For fans of the otome gaming genre, this book is right up your alley. I could relate to Rika/Mashiro on a spiritual level during some scenes of the book, and it was such an interesting take on turning the gaming genre into an actual novel that I was immediately drawn into it.
Sou and Kou (the two romanceable boys) both have strong personalities, though each is on a different spectrum. This helped to really push the otome feel for me. It’s pretty obvious that the author has experience with otome games, which is a good thing given the subject matter. Obsessions of an Otome Gamer could easily be made into a game. Which I would love. Please do this.
This book, like so many other light novels I’ve read, seems to have a hard time being localized. While the writing is simple and easy to understand (and by this I mean it would probably be around a 5th grade reading level), it doesn’t flow quite as well as books that are originally written in English, or traditional books that are translated into English by one of the big five publishing companies. This leads to a few awkward pages and scenes that brought me out of the reading at times.
A lot of situations are repeated throughout the story as well. Every time Mashiro meets up with her best friend, they spend half a page or more complimenting each other’s outfits, hair, or musical ability before getting into the core plot for that chapter. It’s the same when Mashiro is offered tea (which is frequent, given that this story is based in Japan and all of her friends are filthy rich kids, because of course they are.) These bits got pretty boring to be honest, and I found myself flashing back to London Detective Mysteria in the worst way.
These issues pale in comparison to the difficulty I had understanding the technicalities behind the music discussions.

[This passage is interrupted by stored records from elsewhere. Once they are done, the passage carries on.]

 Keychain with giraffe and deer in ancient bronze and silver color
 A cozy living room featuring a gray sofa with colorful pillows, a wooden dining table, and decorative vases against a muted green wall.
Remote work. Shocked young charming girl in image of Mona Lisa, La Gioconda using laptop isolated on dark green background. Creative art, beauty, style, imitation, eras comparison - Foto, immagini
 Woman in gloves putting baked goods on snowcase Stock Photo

Not being a musician myself, everything they said about technique, pieces, majors and minors, instrument brands, and just literally everything went over my head. The issue is that these aren’t just snippets throughout the book; half the time, these descriptions and conversations go on for pages. It didn’t help that the book offers little to no explanations or definitions to help readers understand. Eventually, I found myself just skimming through these segments until the words on the page started making more sense to me. However, I’m sure that people who have training in the musical field and understand all of the technical jargon will appreciate the attention to detail.

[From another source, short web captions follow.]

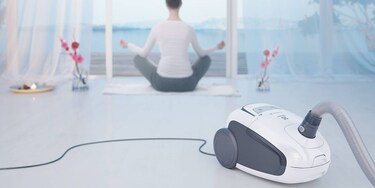 Žena cvičiaca jogu v popredí s vysávačom Electrolux Ultra Silencer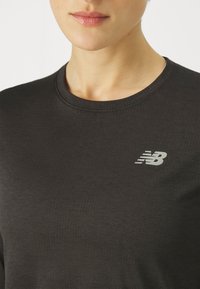 Musta urheilullinen pitkähihainen paita, jossa on uritettu pinta, ja vasemmassa yläosassa hopea New Balance -logo. Pyöreä kaula-aukko.
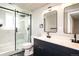 Modern bathroom with a glass-enclosed shower, black fixtures, and a double sink vanity at 10932 W 107Th Ave, Broomfield, CO 80021
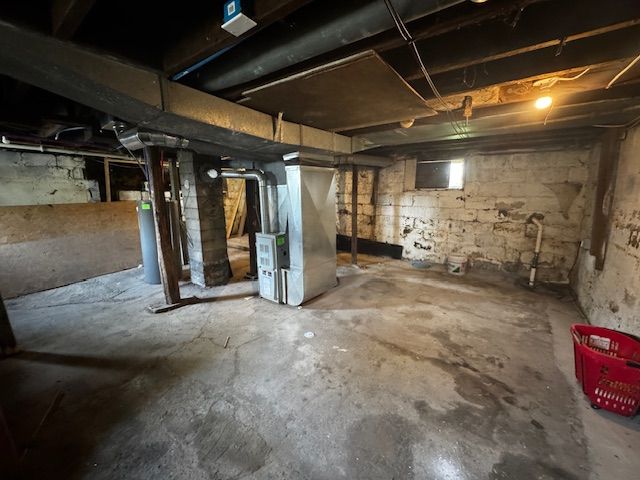 1143 Ballard St, Lansing, MI 48906 - basement featuring heating unit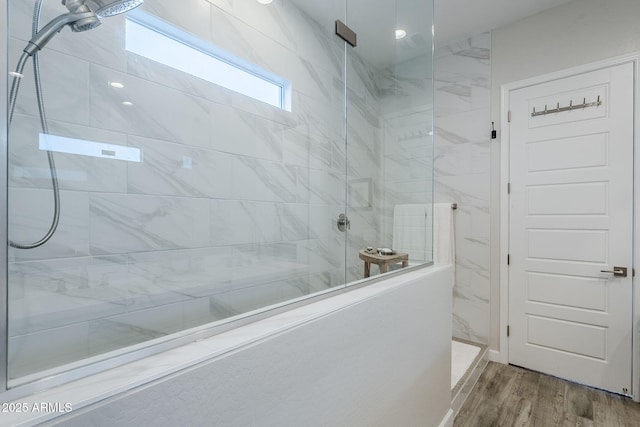 10509 W Harmony Ln, Peoria, AZ 85382 - full bath with a marble finish shower and wood finished floors
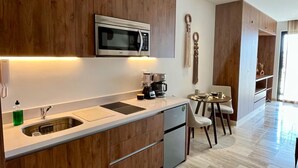 Uma cozinha moderna com armários de madeira, micro-ondas embutido, máquina de café e uma área de jantar com mesa e cadeiras.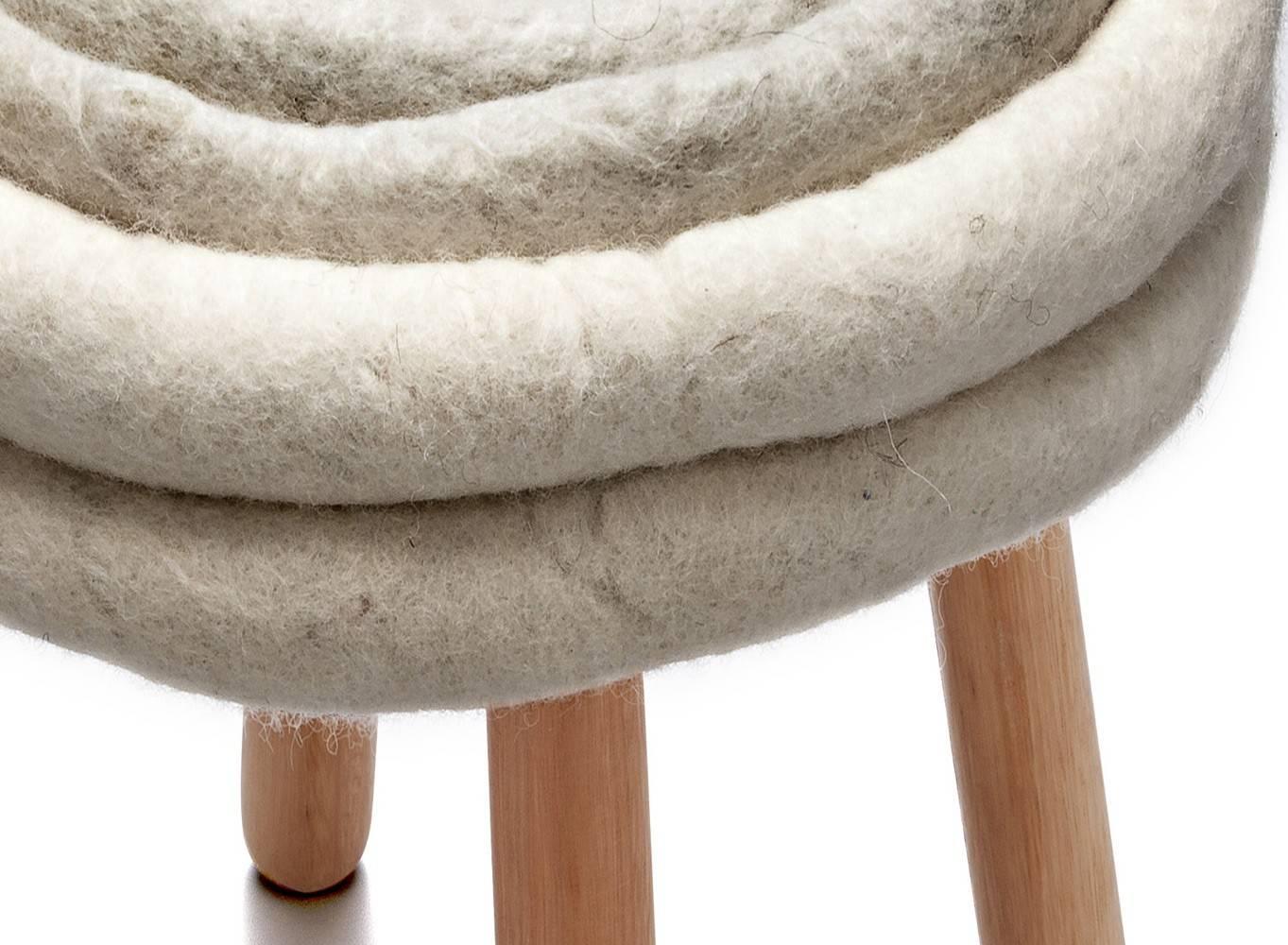 Inês Schertel's stool, in this Brazilian contemporary design, mixes ancient techniques for treating sheep wool with contemporary design and innovation, in order to create unique pieces, full of personality and craftsmanship.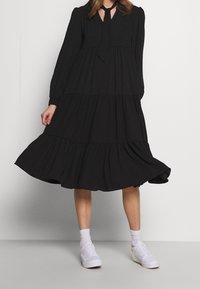 Robe noire à volants en tissu doux, dotée de manches longues, d'un col à nouer et d'un ourlet fluide. Associée à des baskets blanches et des chaussettes.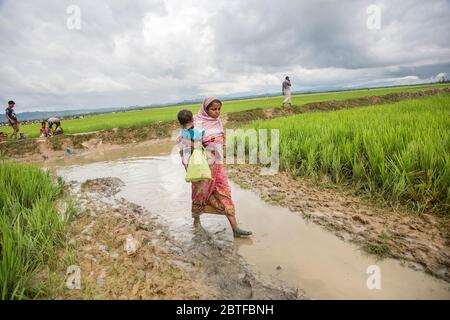 Flüchtlingsmutter und -Kind gehen, Rohingya-Flüchtling in Bangladesch Stockfoto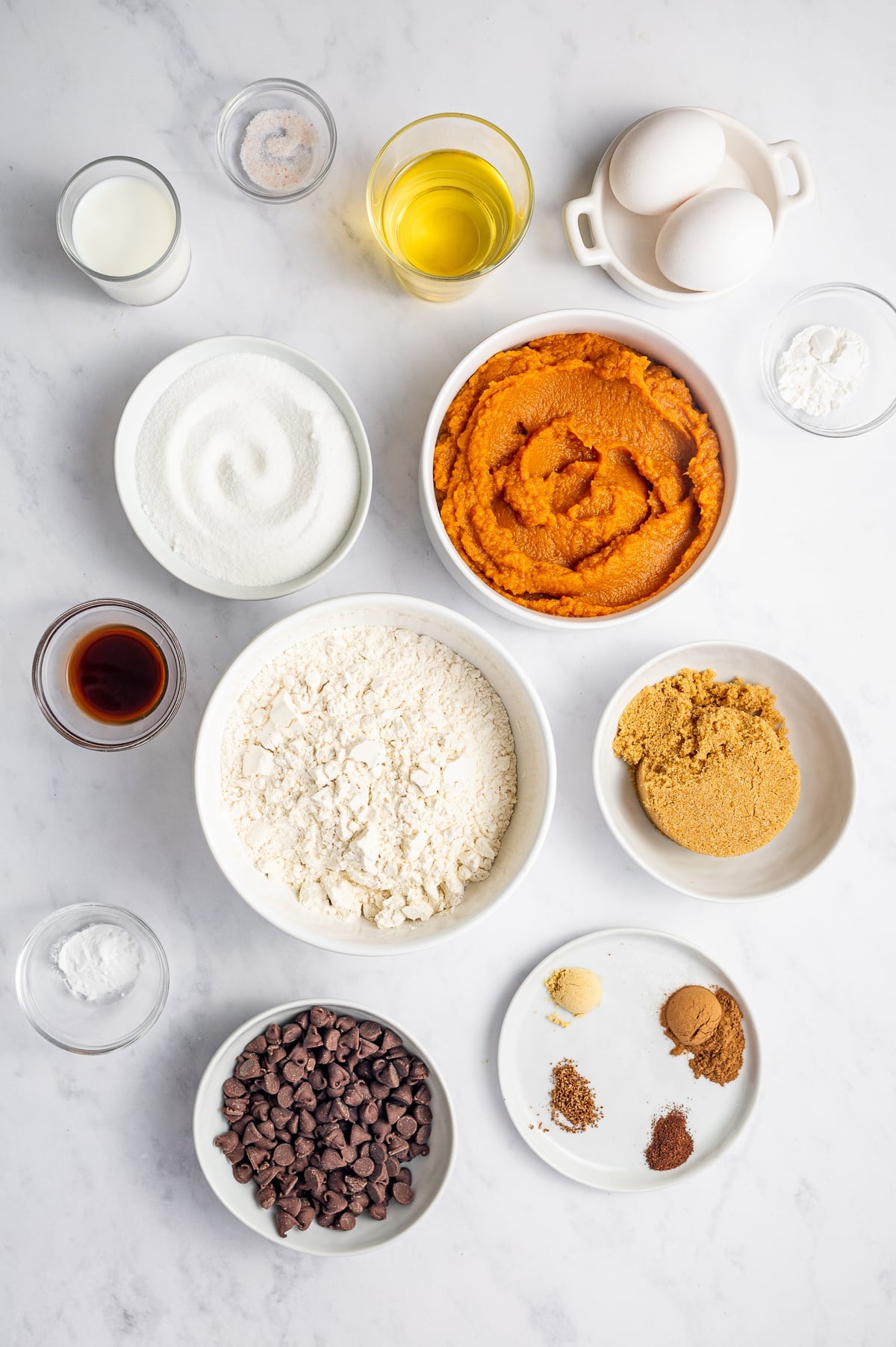 Overhead arrangement of ingredients for pumpkin chocolate chip muffins on a white marble surface, including white bowls of all-purpose flour, granulated sugar, light brown sugar, pumpkin puree, semi-sweet chocolate chips, warm spices, baking powder and baking soda, plus two white eggs, neutral oil, whole milk, vanilla extract, and salt.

The last issues I have are with the romance and timeline. While Mashiro’s mind is 18 years old, her body is only eight, and so are her two love interests’. Reading her inner dialogue about how the boys make her feel was pretty awkward, and at times cringy. (Granted, she does continually tell herself that she shouldn’t be thinking these things about young kids, but it didn’t really help…) As for the timeline, it was like being on a roller coaster with a short in the wiring. Most of the time, a continuous flow would be in place, and then suddenly an entire year gets skipped between paragraphs with hardly a note about it. This made the story feel jarring at times and sluggish at others.

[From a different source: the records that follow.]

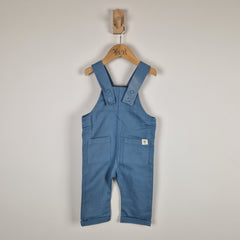Blue children's overalls on a wooden hanger against a plain background
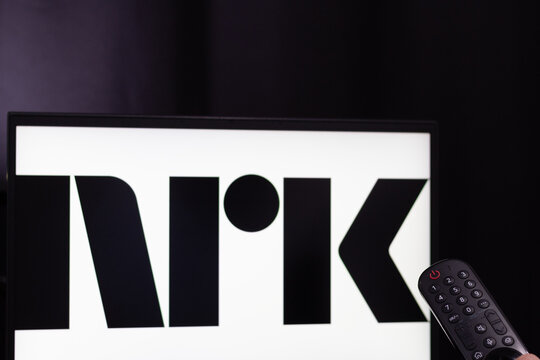 TV screen showing NRK channel, Norway's main public network. Norwegian state broadcasting corporation. Black and white logo with minimalist design.
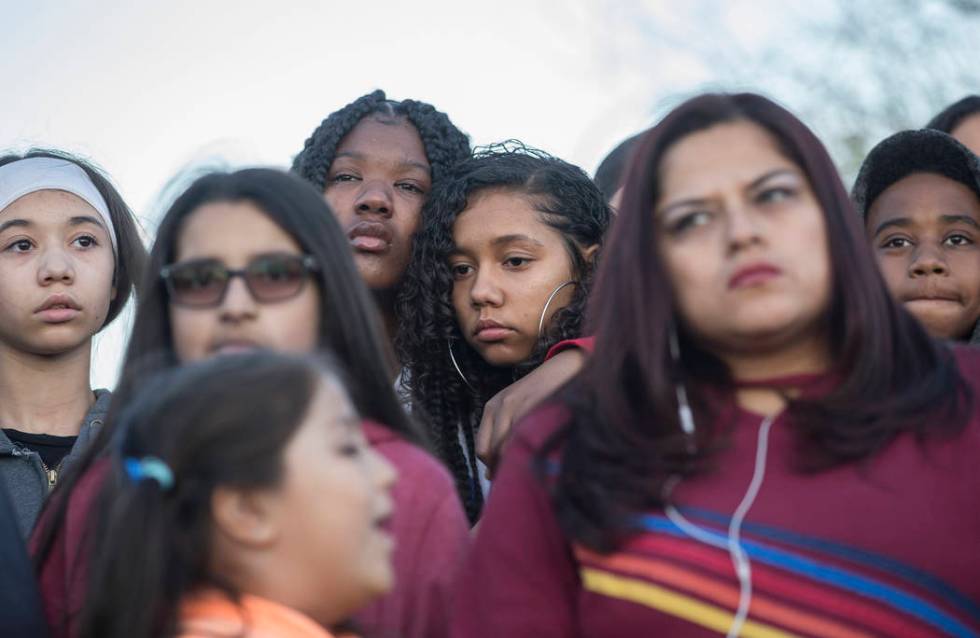 Friends and family mourn the loss of Jonathan Smith, 12, during a vigil for Smith at Wilbur &am ...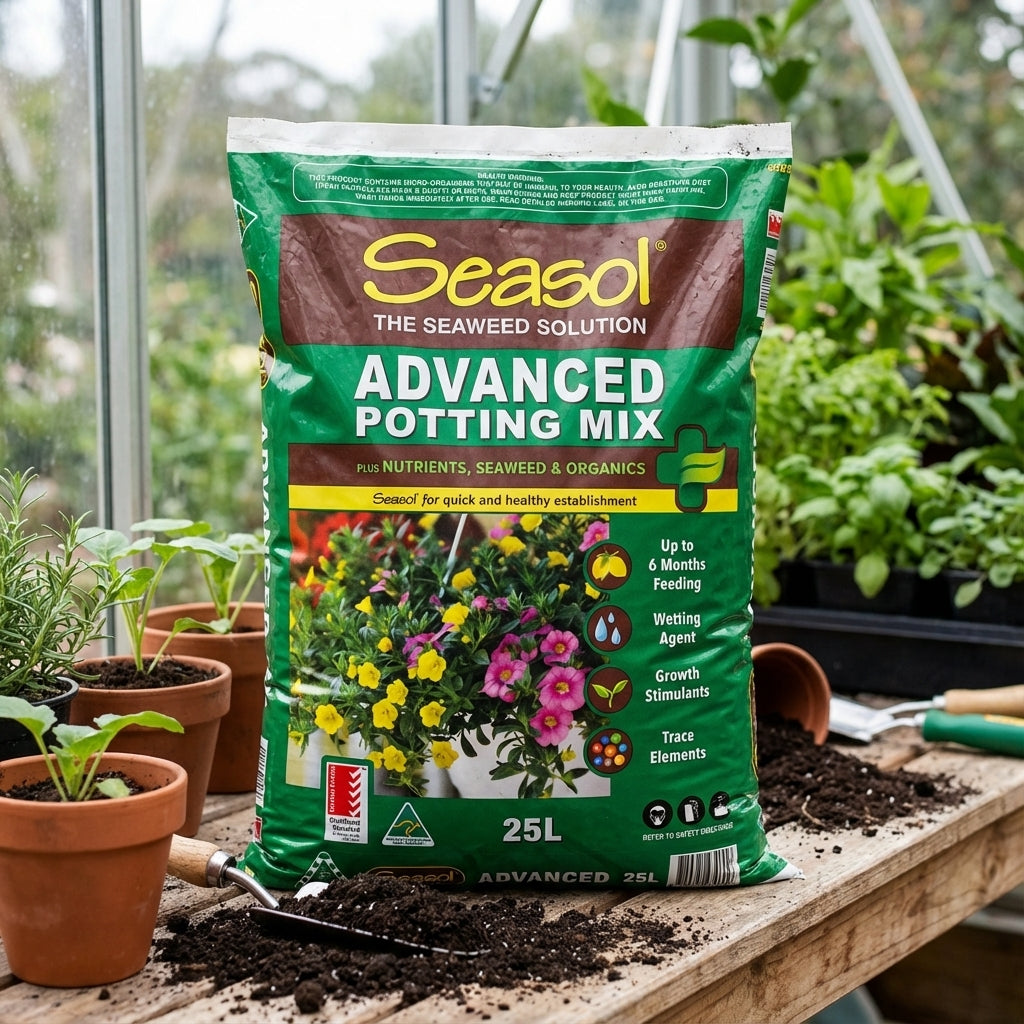 A 25L bag of Seasol 25L Advanced Potting Mix with slow-release nutrients is on a potting bench next to potted plants and gardening tools.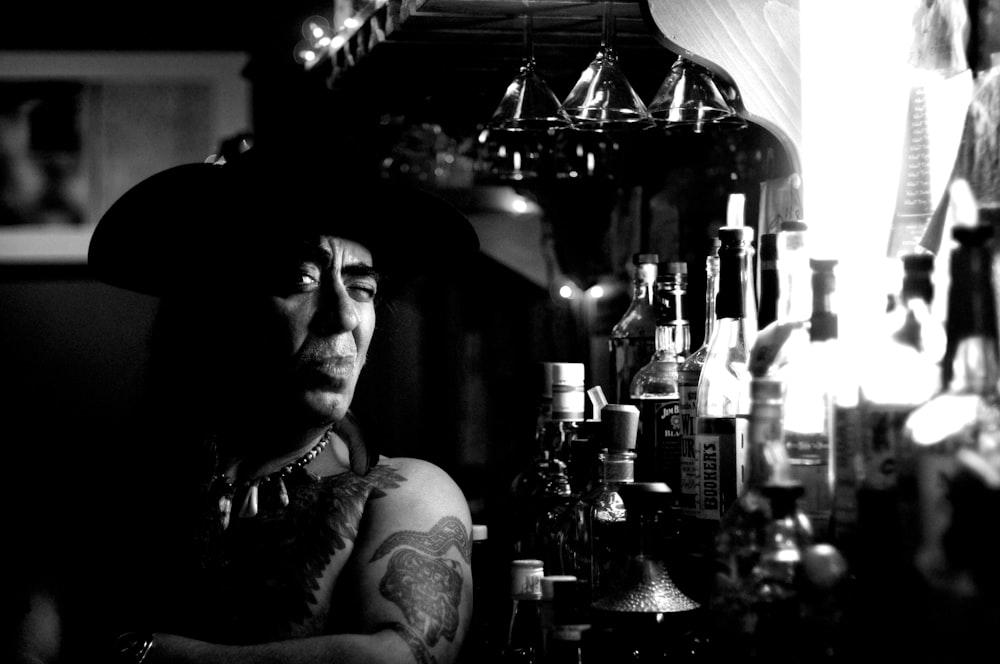 man wearing hat beside bottles on grayscale photography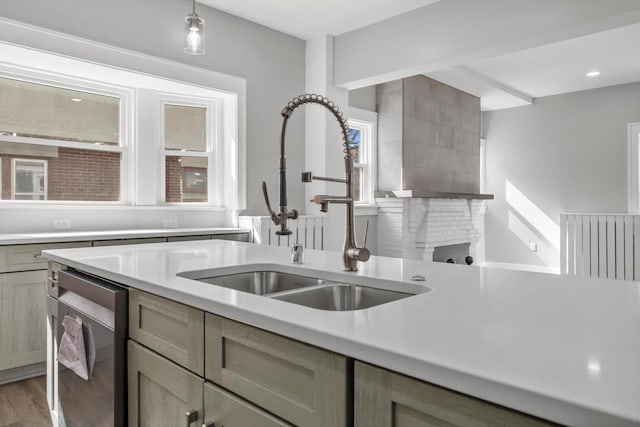 kitchen featuring pendant lighting, light wood-type flooring, light countertops, and a sink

Even though I couldn’t understand a fourth of the book and took a bit of issue with the whole age-difference-kinda thing, I still loved the story. There’s plenty of comedy and drama spaced out at appropriate times to keep someone interested, and a dash of mystery so it’s hard to put the book down. I could easily give more examples as to why I like this series, but I’d be delving into spoiler territory then. There’s no question about whether I’ll be reading the sequel or not; the only question is how long will the book last me. If it’s anything like the first volume, the answer is ‘not long’.
You can read more about “Obsessions of an Otome Gamer” on Anime-Planet and order it through Barnes & Noble. Special thank you to Cross Infinite World for giving us the opportunity to review this manga.
- Interesting plot with diverse characters.
- Reads like an otome game.
- Unique take on isekai and otome genres.
- Translation is awkward at times.
- Music technical discussions are difficult to understand.
- Age difference might be an immediate turn-off for some people.